Repeat every entry exactly. Pictures stay out.

++++++++

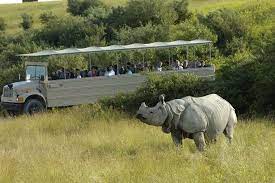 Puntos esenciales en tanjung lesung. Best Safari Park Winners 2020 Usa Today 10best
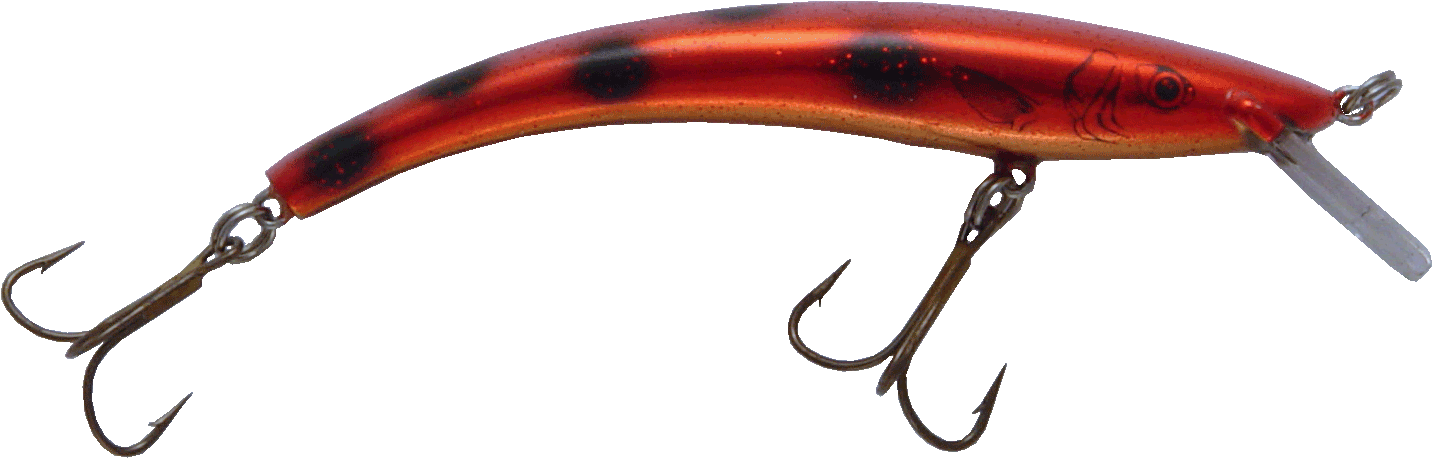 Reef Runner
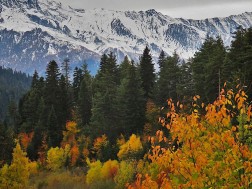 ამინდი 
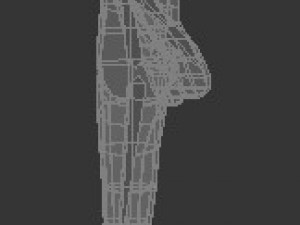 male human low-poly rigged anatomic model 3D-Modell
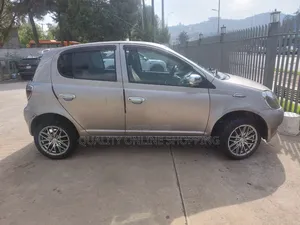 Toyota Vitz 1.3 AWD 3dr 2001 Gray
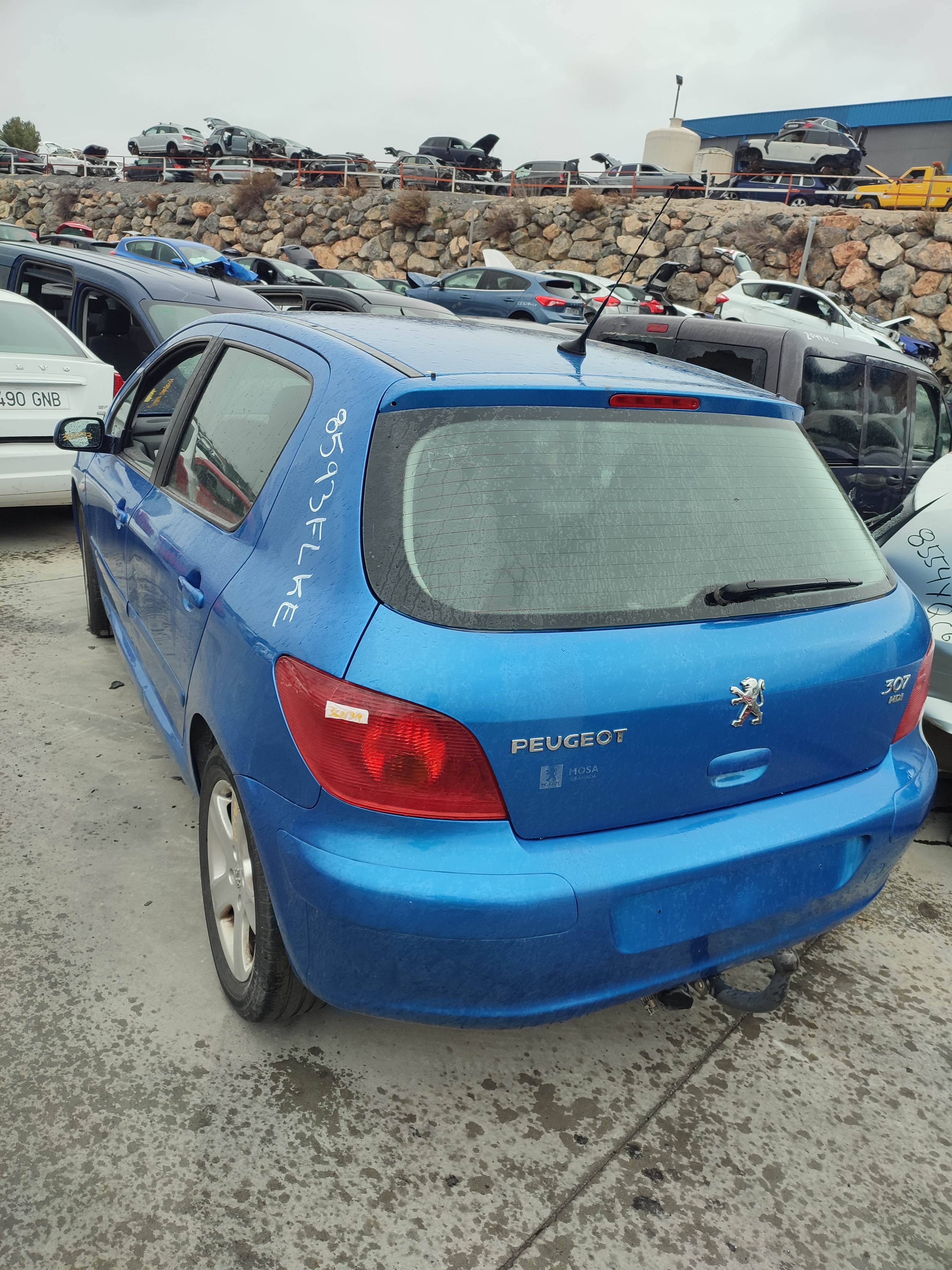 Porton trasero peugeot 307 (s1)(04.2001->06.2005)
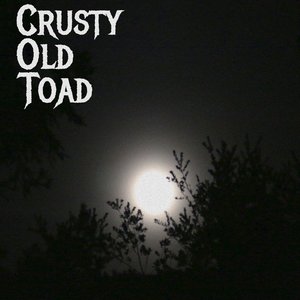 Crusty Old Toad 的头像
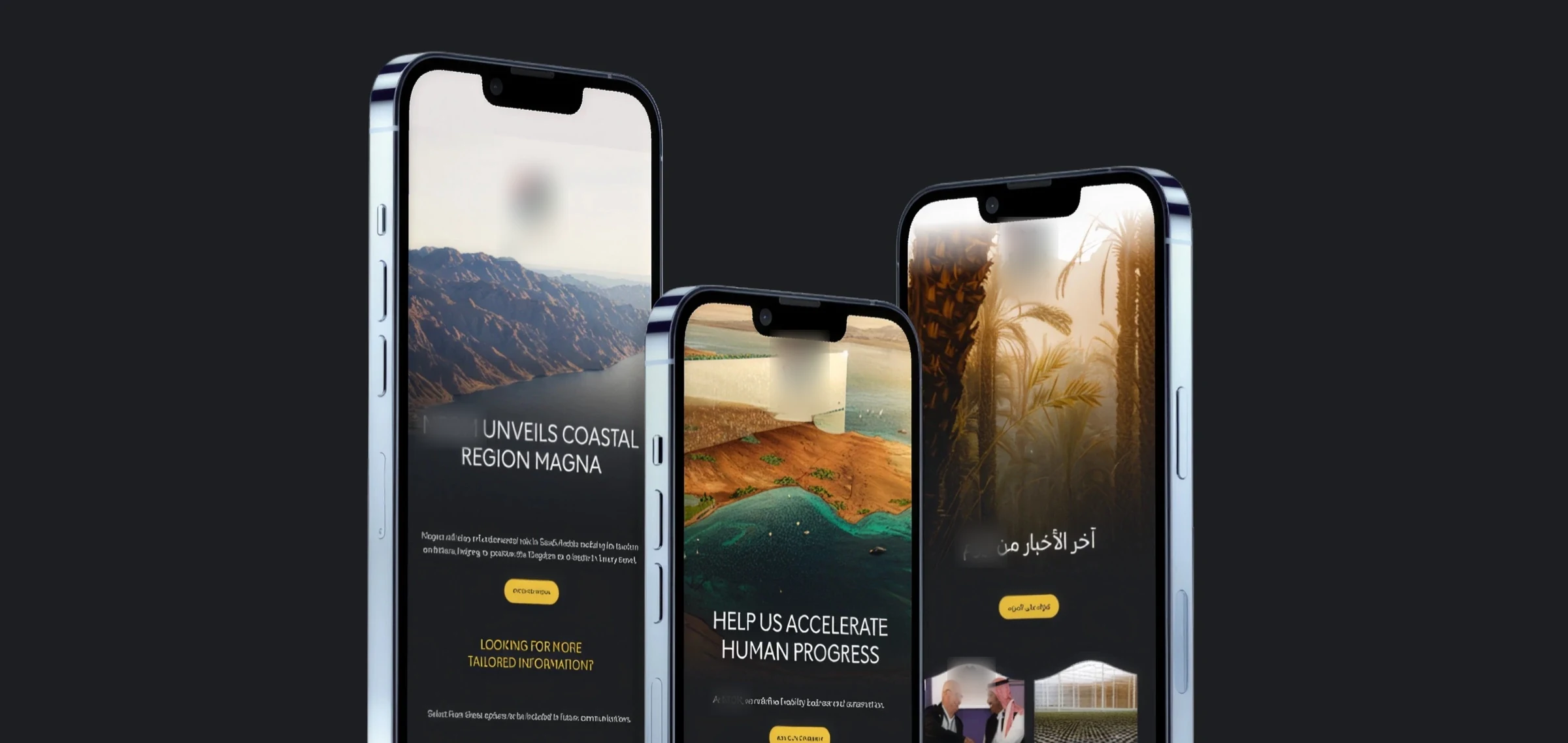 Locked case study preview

++++++++

Answer for this exercise
 Puntos esenciales en tanjung lesung. Best Safari Park Winners 2020 Usa Today 10best
 Reef Runner
 ამინდი 
 male human low-poly rigged anatomic model 3D-Modell
 Toyota Vitz 1.3 AWD 3dr 2001 Gray
 Porton trasero peugeot 307 (s1)(04.2001->06.2005)
 Crusty Old Toad 的头像
 Locked case study preview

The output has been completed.